At the same time, Beacon College, an experimental campus-free university based on Ontario Road in Adams Morgan, carried out a set of oral histories designed to capture the voices and experiences of working-class Latina women in the District of Columbia. According to Barbara D’Emilio, who coordinated Beacon’s Oral History Project, researchers sought to give voice to the interviewees and their stories while highlighting their invaluable yet often overlooked contributions to the city. Aided by Mt. Pleasant resident Cristina Espinel, the Beacon College team transcribed the interviews and paired them with slides to present to community groups and at public events.
Beacon College’s transcripts, as well as the LAYC project’s recordings, were donated to the District of Columbia Public Library in the late 1980s. Both sets of oral histories reside in the DCPL’s Oral History Research Center, which has recently digitized much of its collection in order to preserve the integrity of the recordings and increase their accessibility to the general public, according to Lauren Algee, digital curation librarian for D.C. Public Library Special Collections.
“I believe that we have arrived at a period/time in which politically, we have organized well in the city. We have an office of Hispanic affairs, which we have achieved with our political force…I believe that in the next four years, if we continue to progress politically….we will have Latinos in positions of influence and power in the (Marion Barry) administration. I believe… that we will continue to make progress, with pain, natural growing pains, but continue progressing. My attitude is extremely positive….the ‘Latino’ is awakening.” – Sonia Gutierrez
The oral histories cover a myriad of nationalities and professions, from interviews with homemakers to chats with police officers; from small business owners to community activists; from the recently arrived to those who had emigrated in the 1950s. Residents expound on an equally rich variety of topics: the role of language and the difficulty of cultural adaptation; the struggle to obtain social services; the cost of affordable housing; drugs and alcohol; racial and ethnic tensions; questions of identity and assimilation; the purpose of faith and religion; bilingual education; how to start a business; gender and domestic violence; and a host of other themes that continue to be relevant to immigrants today.

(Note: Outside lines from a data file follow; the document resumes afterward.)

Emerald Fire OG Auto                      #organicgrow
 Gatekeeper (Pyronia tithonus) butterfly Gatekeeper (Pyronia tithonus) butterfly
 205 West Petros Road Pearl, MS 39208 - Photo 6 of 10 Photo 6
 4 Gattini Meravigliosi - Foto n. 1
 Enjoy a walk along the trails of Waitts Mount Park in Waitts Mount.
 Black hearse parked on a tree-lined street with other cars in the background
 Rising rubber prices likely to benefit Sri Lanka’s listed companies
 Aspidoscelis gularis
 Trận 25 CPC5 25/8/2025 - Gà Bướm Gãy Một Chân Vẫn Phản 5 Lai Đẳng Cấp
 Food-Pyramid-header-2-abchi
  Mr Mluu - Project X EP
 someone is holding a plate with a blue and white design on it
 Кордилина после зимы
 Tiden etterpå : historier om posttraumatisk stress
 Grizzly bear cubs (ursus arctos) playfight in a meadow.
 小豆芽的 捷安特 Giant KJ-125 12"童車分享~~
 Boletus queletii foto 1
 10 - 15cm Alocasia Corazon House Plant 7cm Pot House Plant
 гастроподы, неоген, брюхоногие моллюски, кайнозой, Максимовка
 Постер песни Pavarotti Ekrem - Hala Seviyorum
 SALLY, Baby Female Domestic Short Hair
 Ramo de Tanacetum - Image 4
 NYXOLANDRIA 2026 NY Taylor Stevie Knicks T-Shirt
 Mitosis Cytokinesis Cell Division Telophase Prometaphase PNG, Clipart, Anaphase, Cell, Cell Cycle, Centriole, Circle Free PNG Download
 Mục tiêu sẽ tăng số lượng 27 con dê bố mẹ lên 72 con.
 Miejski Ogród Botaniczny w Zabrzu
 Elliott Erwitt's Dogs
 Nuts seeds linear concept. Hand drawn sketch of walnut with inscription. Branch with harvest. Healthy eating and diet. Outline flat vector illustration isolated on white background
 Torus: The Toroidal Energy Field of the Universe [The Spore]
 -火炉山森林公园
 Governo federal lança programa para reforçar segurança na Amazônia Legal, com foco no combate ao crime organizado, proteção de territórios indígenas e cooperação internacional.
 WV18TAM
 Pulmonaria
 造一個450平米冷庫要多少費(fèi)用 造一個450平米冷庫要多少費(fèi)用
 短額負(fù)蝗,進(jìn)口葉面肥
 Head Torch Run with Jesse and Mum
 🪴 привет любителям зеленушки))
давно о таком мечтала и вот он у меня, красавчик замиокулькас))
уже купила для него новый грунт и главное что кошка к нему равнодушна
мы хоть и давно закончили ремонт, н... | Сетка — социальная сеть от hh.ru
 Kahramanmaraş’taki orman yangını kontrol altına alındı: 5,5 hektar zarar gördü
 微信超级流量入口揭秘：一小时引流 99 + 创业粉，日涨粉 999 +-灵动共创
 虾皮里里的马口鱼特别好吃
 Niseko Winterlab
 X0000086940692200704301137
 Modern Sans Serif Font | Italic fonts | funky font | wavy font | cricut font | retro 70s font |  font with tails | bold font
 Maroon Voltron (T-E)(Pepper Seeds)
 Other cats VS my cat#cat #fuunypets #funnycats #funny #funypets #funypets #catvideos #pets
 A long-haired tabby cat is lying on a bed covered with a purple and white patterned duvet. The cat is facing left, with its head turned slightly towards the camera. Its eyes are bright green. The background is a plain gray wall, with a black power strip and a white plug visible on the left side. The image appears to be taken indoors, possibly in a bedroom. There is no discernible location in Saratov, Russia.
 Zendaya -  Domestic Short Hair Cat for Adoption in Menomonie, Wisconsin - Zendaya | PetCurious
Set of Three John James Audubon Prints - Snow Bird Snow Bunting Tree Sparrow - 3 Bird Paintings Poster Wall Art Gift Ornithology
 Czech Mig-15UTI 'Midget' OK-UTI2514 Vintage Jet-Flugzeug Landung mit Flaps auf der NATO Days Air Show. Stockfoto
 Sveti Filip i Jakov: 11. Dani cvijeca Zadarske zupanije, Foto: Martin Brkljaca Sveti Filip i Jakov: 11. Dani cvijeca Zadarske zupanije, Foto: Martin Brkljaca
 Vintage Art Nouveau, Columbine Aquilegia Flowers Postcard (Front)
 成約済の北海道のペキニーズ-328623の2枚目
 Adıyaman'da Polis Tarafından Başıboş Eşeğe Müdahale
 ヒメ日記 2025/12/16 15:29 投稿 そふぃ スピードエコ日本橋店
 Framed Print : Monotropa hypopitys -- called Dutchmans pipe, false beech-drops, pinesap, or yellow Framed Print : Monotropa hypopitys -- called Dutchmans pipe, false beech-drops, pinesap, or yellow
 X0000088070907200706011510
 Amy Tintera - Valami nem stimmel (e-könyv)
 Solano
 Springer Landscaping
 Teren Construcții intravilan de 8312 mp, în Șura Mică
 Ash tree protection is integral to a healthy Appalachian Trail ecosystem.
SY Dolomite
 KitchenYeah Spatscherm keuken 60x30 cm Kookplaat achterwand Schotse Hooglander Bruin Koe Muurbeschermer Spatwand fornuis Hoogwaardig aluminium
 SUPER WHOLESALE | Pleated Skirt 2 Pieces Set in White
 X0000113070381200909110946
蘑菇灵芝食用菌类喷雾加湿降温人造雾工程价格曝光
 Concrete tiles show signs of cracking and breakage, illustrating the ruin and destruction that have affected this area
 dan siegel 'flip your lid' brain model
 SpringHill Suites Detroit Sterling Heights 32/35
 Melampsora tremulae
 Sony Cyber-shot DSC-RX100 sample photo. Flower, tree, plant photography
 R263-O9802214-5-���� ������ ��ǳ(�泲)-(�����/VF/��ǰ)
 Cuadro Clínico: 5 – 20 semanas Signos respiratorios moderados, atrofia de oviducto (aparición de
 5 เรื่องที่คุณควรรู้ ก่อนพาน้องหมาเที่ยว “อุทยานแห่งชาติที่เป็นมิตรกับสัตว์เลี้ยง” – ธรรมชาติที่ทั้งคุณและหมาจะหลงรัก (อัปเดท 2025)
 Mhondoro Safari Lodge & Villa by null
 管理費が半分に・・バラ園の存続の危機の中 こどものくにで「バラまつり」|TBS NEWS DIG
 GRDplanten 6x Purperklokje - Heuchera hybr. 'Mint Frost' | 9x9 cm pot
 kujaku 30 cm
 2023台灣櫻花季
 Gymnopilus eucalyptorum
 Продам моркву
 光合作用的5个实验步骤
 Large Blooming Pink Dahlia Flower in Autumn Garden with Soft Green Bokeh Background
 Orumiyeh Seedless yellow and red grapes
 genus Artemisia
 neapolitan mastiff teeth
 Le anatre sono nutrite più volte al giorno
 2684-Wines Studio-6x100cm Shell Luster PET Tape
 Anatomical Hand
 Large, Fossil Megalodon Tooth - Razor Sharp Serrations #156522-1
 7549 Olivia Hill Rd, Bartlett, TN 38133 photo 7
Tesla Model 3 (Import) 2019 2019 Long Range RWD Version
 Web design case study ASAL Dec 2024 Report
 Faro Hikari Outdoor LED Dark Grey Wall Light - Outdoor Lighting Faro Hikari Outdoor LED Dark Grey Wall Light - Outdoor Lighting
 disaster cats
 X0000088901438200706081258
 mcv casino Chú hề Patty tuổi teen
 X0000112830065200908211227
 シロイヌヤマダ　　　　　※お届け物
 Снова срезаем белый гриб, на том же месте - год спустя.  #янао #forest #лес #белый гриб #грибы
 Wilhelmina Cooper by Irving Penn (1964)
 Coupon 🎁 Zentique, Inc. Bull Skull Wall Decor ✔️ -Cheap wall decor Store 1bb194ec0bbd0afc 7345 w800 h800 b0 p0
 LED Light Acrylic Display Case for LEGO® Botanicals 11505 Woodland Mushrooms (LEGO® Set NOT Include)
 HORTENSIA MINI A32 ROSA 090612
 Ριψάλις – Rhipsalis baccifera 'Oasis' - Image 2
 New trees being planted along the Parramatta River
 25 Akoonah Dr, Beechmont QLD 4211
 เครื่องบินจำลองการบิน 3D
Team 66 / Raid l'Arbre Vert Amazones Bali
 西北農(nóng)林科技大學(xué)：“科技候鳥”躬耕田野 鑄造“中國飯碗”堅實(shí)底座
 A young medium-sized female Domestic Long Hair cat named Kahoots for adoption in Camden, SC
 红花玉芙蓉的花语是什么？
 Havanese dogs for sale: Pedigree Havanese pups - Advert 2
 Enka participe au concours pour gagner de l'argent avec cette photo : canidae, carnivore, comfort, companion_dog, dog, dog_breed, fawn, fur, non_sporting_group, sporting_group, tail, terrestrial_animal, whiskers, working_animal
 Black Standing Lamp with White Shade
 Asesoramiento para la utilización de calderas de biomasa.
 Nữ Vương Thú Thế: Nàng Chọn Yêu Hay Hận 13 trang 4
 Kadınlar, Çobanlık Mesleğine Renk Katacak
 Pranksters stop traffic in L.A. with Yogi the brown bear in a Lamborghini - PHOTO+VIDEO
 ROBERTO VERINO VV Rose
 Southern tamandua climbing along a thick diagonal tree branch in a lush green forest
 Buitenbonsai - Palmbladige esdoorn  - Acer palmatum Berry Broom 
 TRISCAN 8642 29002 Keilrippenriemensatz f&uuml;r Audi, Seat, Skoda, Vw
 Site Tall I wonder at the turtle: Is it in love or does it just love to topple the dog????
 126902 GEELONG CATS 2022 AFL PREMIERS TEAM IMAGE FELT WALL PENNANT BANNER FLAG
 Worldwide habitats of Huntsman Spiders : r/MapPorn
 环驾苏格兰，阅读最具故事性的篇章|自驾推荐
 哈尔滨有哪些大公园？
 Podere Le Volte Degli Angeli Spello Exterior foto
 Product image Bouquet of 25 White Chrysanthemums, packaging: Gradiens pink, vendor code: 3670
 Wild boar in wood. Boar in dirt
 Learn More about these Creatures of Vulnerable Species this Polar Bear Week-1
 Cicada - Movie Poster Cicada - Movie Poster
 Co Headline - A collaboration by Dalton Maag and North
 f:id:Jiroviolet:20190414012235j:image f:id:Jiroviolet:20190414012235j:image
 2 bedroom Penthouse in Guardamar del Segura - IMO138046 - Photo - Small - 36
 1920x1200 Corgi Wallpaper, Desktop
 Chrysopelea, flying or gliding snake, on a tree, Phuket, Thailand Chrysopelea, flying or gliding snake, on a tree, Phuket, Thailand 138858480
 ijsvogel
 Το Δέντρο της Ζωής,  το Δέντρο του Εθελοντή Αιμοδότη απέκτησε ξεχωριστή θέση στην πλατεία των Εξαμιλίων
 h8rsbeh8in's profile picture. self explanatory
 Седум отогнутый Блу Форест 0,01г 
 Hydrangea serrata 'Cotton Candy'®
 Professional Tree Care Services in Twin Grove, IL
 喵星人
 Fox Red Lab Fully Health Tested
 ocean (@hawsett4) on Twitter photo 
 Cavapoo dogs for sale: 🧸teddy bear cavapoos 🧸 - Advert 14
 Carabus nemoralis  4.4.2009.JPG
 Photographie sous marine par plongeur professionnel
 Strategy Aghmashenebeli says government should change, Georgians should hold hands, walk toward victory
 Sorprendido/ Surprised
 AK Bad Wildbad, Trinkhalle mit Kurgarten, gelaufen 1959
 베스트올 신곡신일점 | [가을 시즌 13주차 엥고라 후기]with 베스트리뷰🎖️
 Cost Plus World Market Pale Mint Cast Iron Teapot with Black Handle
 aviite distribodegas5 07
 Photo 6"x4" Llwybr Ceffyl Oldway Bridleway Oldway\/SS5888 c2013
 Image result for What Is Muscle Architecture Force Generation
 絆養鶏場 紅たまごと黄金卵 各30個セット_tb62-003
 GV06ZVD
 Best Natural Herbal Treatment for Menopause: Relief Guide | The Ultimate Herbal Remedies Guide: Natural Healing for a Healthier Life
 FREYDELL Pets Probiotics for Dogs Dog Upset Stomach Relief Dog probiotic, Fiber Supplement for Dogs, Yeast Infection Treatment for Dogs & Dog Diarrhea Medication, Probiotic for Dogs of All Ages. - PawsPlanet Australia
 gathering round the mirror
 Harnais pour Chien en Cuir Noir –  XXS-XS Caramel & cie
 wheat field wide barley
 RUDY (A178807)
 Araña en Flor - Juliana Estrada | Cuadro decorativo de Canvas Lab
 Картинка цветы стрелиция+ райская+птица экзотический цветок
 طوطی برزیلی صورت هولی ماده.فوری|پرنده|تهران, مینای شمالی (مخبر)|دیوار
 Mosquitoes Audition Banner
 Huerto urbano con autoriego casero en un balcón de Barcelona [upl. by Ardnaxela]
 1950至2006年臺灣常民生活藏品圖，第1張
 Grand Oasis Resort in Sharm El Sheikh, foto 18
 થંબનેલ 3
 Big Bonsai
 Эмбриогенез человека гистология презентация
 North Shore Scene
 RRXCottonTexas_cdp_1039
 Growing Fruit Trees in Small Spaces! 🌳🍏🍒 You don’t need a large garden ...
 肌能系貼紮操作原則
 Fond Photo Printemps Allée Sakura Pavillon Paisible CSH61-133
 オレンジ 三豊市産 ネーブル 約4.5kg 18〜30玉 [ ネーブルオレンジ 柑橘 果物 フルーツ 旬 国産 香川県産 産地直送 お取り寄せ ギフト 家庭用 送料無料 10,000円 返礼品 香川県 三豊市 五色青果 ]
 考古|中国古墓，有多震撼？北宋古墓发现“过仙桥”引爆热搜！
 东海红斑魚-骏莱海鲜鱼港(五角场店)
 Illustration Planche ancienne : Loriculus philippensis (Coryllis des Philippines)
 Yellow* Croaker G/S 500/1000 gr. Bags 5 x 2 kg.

Like Alicia Roque, many of these Latin American immigrants managed to cultivate community and a sense of belonging in the Washington metropolitan area, laying the foundation for today’s flourishing Latino population. Her comments and those of her fellow interviewees provide a rare glimpse into the everyday lives of Latin Americans who settled in the District of Columbia during the 1960s and 1970s. As Central Americans began arriving en masse in the early 1980s, D.C.’s established Latino network assisted them in adapting to their new city. These new arrivals then went on to change the face and the dynamics of the District’s Latino community, and it has continued to mature and evolve over the past 35 years.
The LAYC and Beacon College oral histories, recorded at this pivotal moment in D.C. Latino history, aptly capture the memories of the older generation of Latinos while welcoming the voices of the younger generation of immigrants who would soon become leaders themselves in Washington’s Latino community.